Option A (stick it in investments)
Investments: 925,000
529 Plan: 49,000
Home: 308,000
Mortgage: -$267,000

Option B (put it towards the house)
Investments: 680,000
529 Plan: 49,000
Home: 553,000
Mortgage: -$22,000
 
I would choose option B and make sure you have an emergency fund for 6 months' expenses ($27K).

You "want" your wife to stay at home until the kids are in elementary school. What does she want?
 
If it were me I would pay off the mortgage. I don't like having any debt and that is more important than maximizing my returns.

I'd also re-evaluate my "emergency money" and if I felt it wasn't big enough I'd set aside some of that money in cash, cds, or a short-term bond fund.

Whatever is left over after all of that would go into stocks.
 
Although our mortgage is now paid off, having entered the garden of ER, I would go with plan A considering your age and your children's ages.

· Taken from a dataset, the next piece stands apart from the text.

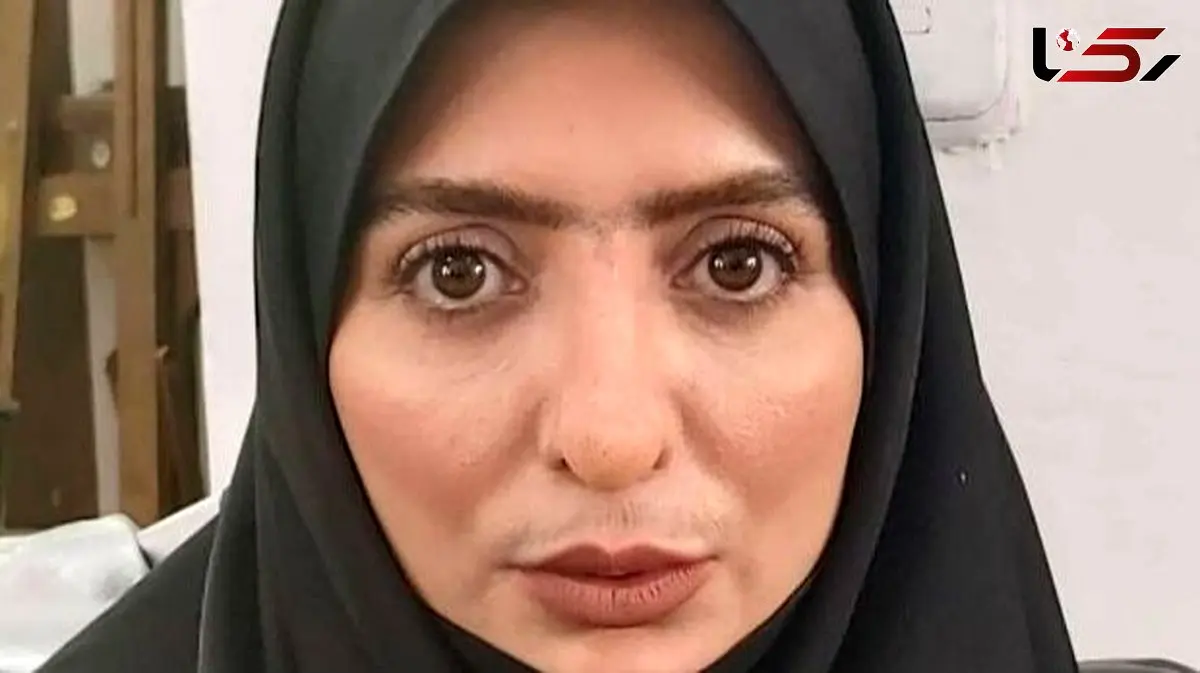 فیلم/ تراپی؟ نه ممنون، خنده های شیرین رویا میرعلمی هستش/ آخه لامصب اونجا دیگه چرا خندیدی؟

You never know when you might need cash and the investments would be liquid vs. the house. Once they're all grown up and you kiss them at their college graduations or weddings, you can decided whether to liquidate the investments and pour the proceeds into whatever mortgage you might have them.

But kudos to you for your financial situation and having this "problem"!
 
Since this is the FIRE message board, Option A is the clear choice to get you there faster.
 
If you have a paid off mortgage, you have to be very disciplined about investing money before you can get a chance to spend it. Make sure you have money automatically invested and equal to what your mortgage would have been.

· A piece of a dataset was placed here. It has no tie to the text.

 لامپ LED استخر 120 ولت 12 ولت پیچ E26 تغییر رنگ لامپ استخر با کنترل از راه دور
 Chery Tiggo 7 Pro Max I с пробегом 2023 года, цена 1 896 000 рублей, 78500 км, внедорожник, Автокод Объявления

If you can't guarantee you won't cheat and spend the money, then keep the mortgage and invest the money.
 
If you can't guarantee you won't cheat and spend the money, then keep the mortgage and invest the money.
Agreed. Fixed 30 year mortgage. You will sing a happy song for 30 years as you pay that small mortgage payment (interest rates have nowhere to go but up), and you get the tax write off. What you're looking at is "borrowing money at 3.5%" and investing it long term at, say, around 7% once you get over all the bumps.

As to dollar cost averaging, you just can't get there from here; lump sums don't dollar cost average. As indicated in an earlier post, your best bet is to just spread it into your asset allocation plan. Not sure if you're familiar with asset allocation, but one example might be 15% bonds, 65% stock (each of those split half and half domestic and foreign) and 15% REIT/hard assets, and 5% cash. Just split the windfall into those categories to maintain those percentages and call it a day.

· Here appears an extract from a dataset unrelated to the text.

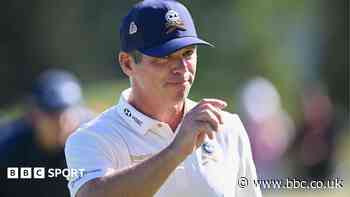 Casey beaten on fourth play-off hole in Switzerland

Now, the other option, and this is what I did with my house sale windfall back in the days before I was thinking too hard about these things, I put it all into two 529 accounts, one for each daughter. They were 4 and 1 at the time. One of the accounts is running on empty now (that's what 3 years of private university will do), but the other one hasn't been touched, and in 4 years will have mucho left over (that's what public university will do).

--Dale--
 
Option A. With a good portion of it (12 months of mortgage payments) in very liquid assets since you have a commission based job with a varied salary.

Re-evaluate in a few years when you have enough to pay off the entire mortgage at one time. Hopefully you'll be earning enough in investments that the 3.25% mortgage will be easily beatable, and you can keep that money working for you.
 
I would pick A particularly with young kids a spouse at home.

If you chose to do B though I would not put the money into the house unless you could pay off the entire mortgage first.
 
I would go with Option A as well. 3.25% is a loan rate you are likely never to see in your lifetime again. You retain the tax write off from the mortgage interest and you can invest the proceeds from the sale of the prior house and likely have better returns than the cost of the loan.

A lot of people here prefer no house payments but that is mostly because they are retired and just prefer the piece of mind that comes with knowing the house is paid off.

I would bulk up your emergency accounts, open 529 College plans for the kiddies and if you really want to make the mortgage go away make extra payments of principal monthly to your lender.